In his annual meeting with judges and staff of the Roman Rota, a Church marriage tribunal, Pope Francis Jan. 25 said he marveled at the fact that for centuries, the Church ignored the example of Aquila and Priscilla, the married couple described in several parts of the New Testament as evangelizing with St. Paul.
“Evangelizing spouses,” the pope said, is “what our parishes need, especially in urban areas where the pastor and his priest collaborators will never have the time and energy to reach all the faithful who, while calling themselves Christian, do not frequent the sacraments and lack — or almost lack — knowledge of Christ.”
In reforming the process for judging the validity or the nullity of a marriage, the pope said, he insisted on the procedure being marked by pastoral “closeness and gratuity,” which are essential elements of evangelization that St. Paul found Aquila and Priscilla particularly capable of showing. They hosted the Christian communities in their own homes, reached out to draw others in and cared for those in need.
“Christian spouses,” Pope Francis said, “should learn from Aquila and Priscilla how to fall in love with Christ and become neighbors to families deprived of the light of faith, not through their own fault but because they were left at the margins of our pastoral work — a pastoral work for the elite that forgets people.”

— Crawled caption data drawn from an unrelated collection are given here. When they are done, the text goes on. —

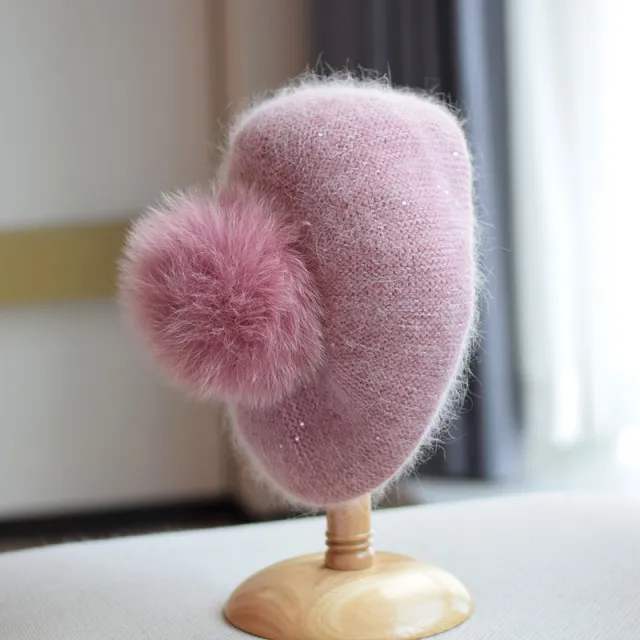 Rabbit Hair Knitted Sequin Beret Pink - Shop at LoveMi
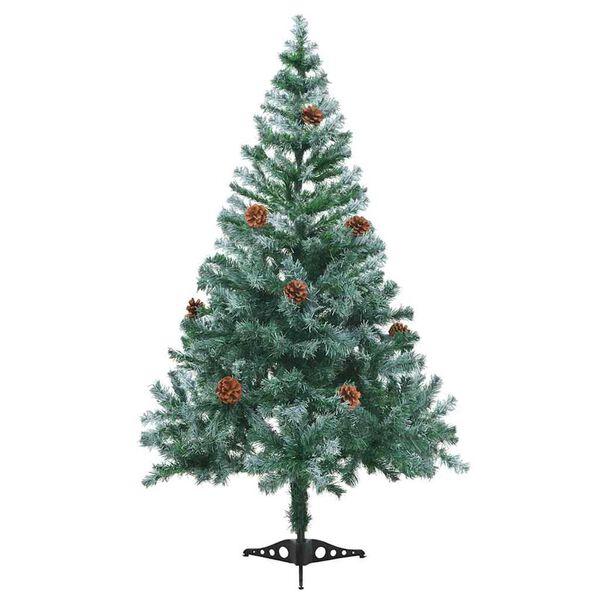 vidaXL Arbre de No&euml;l givr&eacute; pr&eacute;-&eacute;clair&eacute; et boules pommes de pin 150 cm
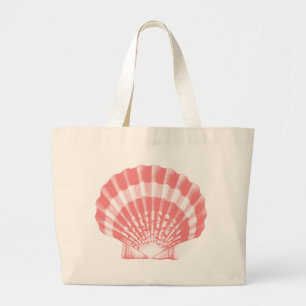 Bolsa Tote Grande Seashell - coral rosa e branco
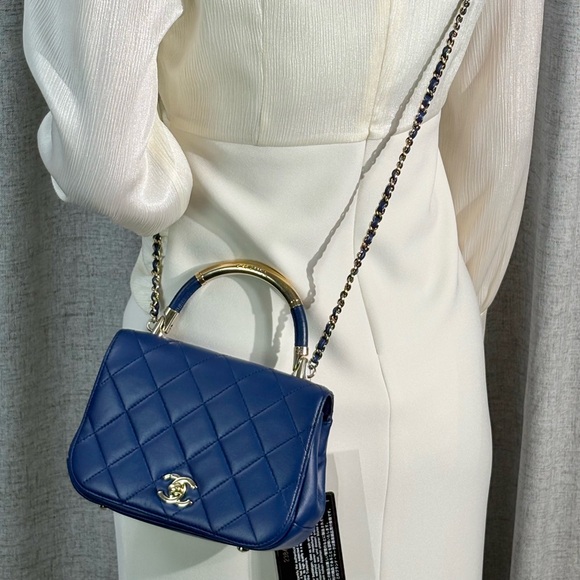 CHANEL Blue Quilted Top Handle Flap Bag GHW - Picture 13 of 16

“How I long for this message not to remain just a symphony of words, but to push priests, bishops and pastors to try, like the Apostle Paul did, to love married couples as humble missionaries ready to reach those squares and buildings of our cities where the light of the Gospel and the voice of Jesus don’t reach and don’t penetrate,” the pope said.
In addition, he said, they obviously are the best suited to lead marriage preparation courses.

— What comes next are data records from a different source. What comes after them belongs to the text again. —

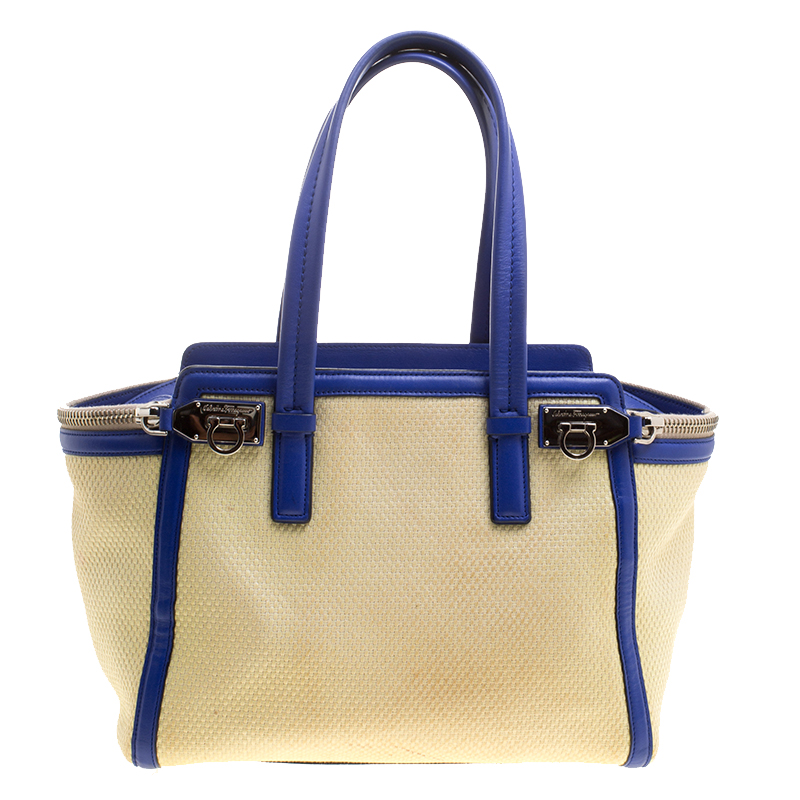 Pre Owned Salvatore Ferragamo Beige/Blue Canvas and leather Verve Tote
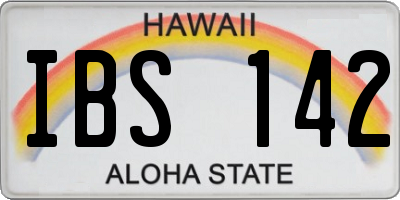 HI license plate IBS142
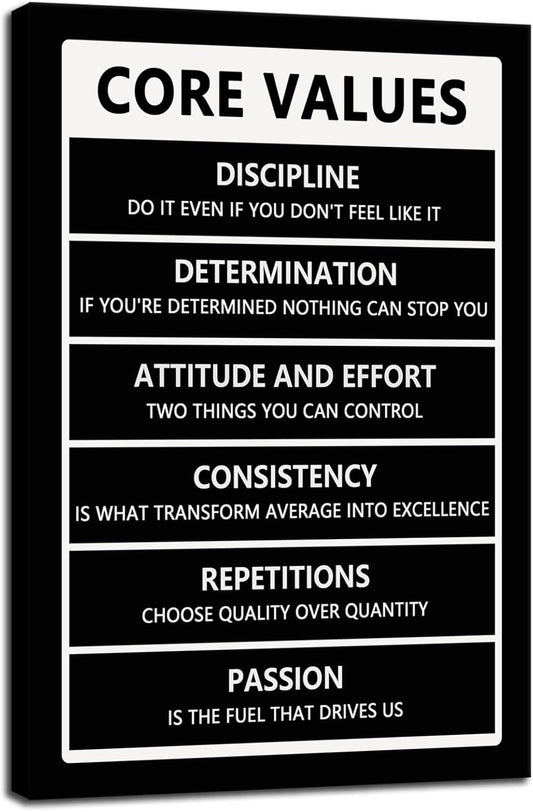 Core Values Inspirational Posters Motivational Canvas Wall Art Inspiring Entrepreneur Quotes Painting Modern Positive Posters Prints Artwork for Office Gym Living Room Decor Framed[24" W x 36" H]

Catholic married couples, he said, need to step up like Aquila and Priscilla and offer to work with their pastors, “not in an autonomous way, but certainly filled with the courage necessary to wake from lethargy and sleep their pastors who are perhaps too still or blocked by the philosophy of the little circle of the perfect. The Lord came to seek sinners, not the perfect.”
Choosing to live among and minister only to a small group and preferring to spend time only with committed parishioners is not the way of the Gospel, he said. And the only way to reach out to others, is to listen to them and to try to understand the problems they face in their lives and their marriages.
“Often I’ve feared how God will judge us on these two things” — closeness and gratuity, the pope said. “In judging, have I been close to the heart of the people? In judging, did I open my heart to gratuity, or was I concerned with commercial interests? God’s judgment on this will be very strong.”
And in seeking couples capable of evangelizing, the pope said, “we must be aware” that it is not priests who create them, but the Holy Spirit.
Such couples are out there, the pope said. “They are ready. They just haven’t been called.”
“We must be convinced — and I’d say, certain — that in the Church such married couples already are a gift of God and not because of our merit, but because they are a fruit of the work of the Spirit who never abandons the Church,” he said.
Pope Francis told members of the Roman Rota that they and their predecessors for more than 20 years have been discussing how a loss of faith and a serious lack of understanding of Catholic teaching can be a contributing factor to the lack of consent needed for a valid marriage.
To counter that, he said, the Church needs couples like Aquila and Priscilla, “who speak and live with the authority of Baptism,” and are living witness of the beauty of Christian marriage and family life.
— By Cindy Wooden, Catholic News Service.